- AIM OF THE TASK
Below are entries with pictures in them. Output exactly the lines starting at the line with "Brown/orang by Puma" and ending at the line with "Rest in Peace", both included, but not the pictures.

(SOURCE MATERIAL begins)

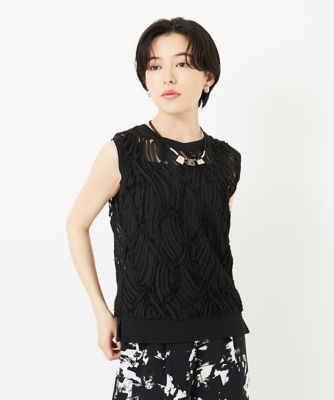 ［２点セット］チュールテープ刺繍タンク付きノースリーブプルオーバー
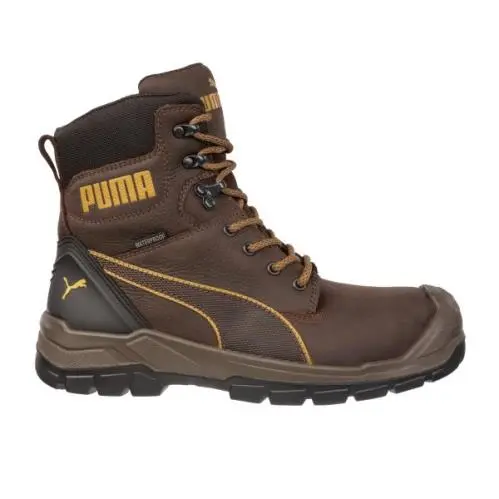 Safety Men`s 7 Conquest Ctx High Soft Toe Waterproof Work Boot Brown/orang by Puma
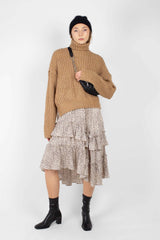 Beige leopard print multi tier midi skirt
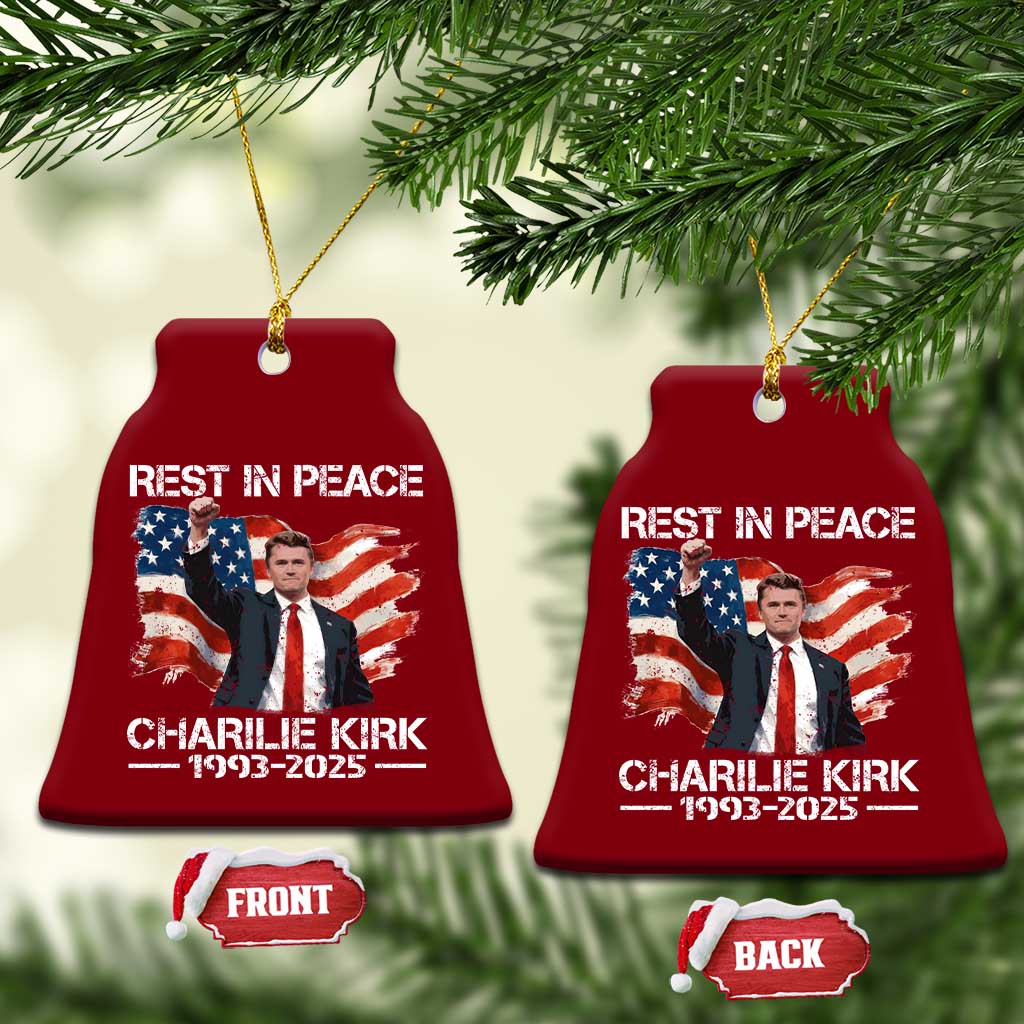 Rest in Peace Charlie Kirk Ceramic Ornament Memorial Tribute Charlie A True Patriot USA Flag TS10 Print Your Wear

(SOURCE MATERIAL ends)
(SOURCE MATERIAL begins)

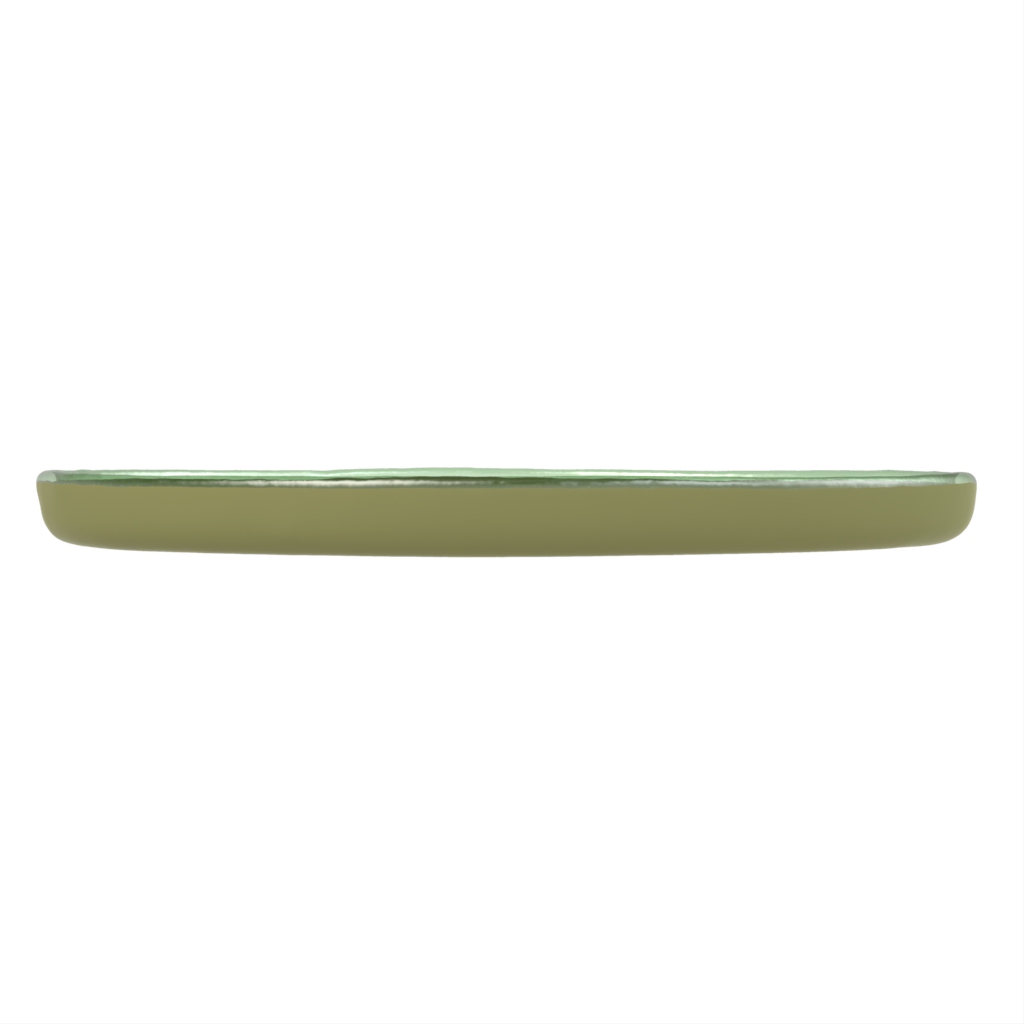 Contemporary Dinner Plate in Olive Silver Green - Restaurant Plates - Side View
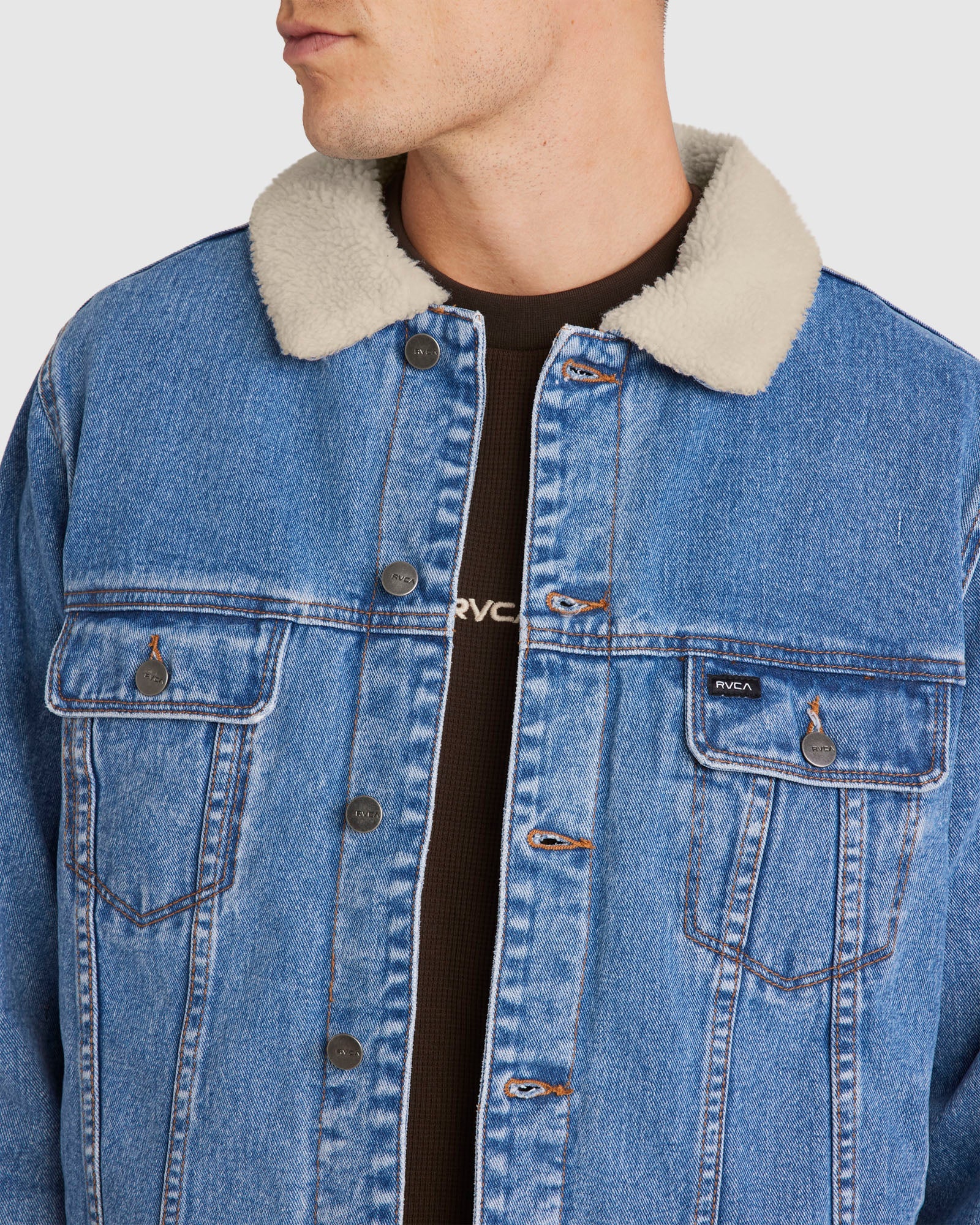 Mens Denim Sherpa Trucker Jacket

(SOURCE MATERIAL ends)

- TASK SOLUTION
 Safety Men`s 7 Conquest Ctx High Soft Toe Waterproof Work Boot Brown/orang by Puma
 Beige leopard print multi tier midi skirt
 Rest in Peace Charlie Kirk Ceramic Ornament Memorial Tribute Charlie A True Patriot USA Flag TS10 Print Your Wear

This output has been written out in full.